C’est avec une première impression très mitigée que j’ai abordé ce test. Le jeu m’intéressait mais… Le background de son lancement beaucoup moins. Car sa sortie, en mars, s’est faite dans un contexte un peu particulier : des rumeurs d’influenceurs gaming largement arrosés par Pearl Abyss pour surcoter volontairement le jeu… Rumeurs renforcées par des vidéos YouTube où des streamers, qui descendaient copieusement le jeu, l’encensaient soudainement (et je ne parle même pas des spécialistes de la note 22/20). Dans ce contexte, je tenais donc à tester un jeu que j’ai acheté, sans solliciter l’éditeur… Je me suis même retenu de lire d’autres tests, afin de vous proposer aujourd’hui le test le plus objectif possible…
Kliff… Hanger !



C’est… L’histoire d’un mec… Comme le dit la formule… Dans le vaste continent de Pywel, les royaumes se livrent une guerre permanente pour le pouvoir, les ressources et leur survie. Au milieu de ce chaos évoluent les Greymanes (ou Crinières Grises), une compagnie de mercenaires dirigée par Kliff Macduff. Habitués à vendre leurs services au plus offrant, ces combattants tentent de conserver leur indépendance dans un monde où les alliances changent au gré des ambitions politiques.

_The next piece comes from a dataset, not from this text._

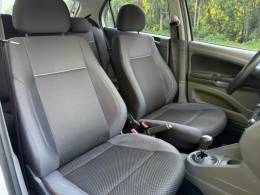 VOLKSWAGEN - GOL - 2016/2017 - Branca - R$ 46.900,00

Mais tout bascule lorsqu’une attaque d’une rare violence décime les Greymanes. Pris en embuscade par leurs rivaux, les Black Bears, les survivants sont dispersés aux quatre coins de Pywel. Séparé de ses compagnons, Kliff entreprend alors un long périple pour retrouver les siens, comprendre les véritables raisons de cette offensive et reconstruire son groupe.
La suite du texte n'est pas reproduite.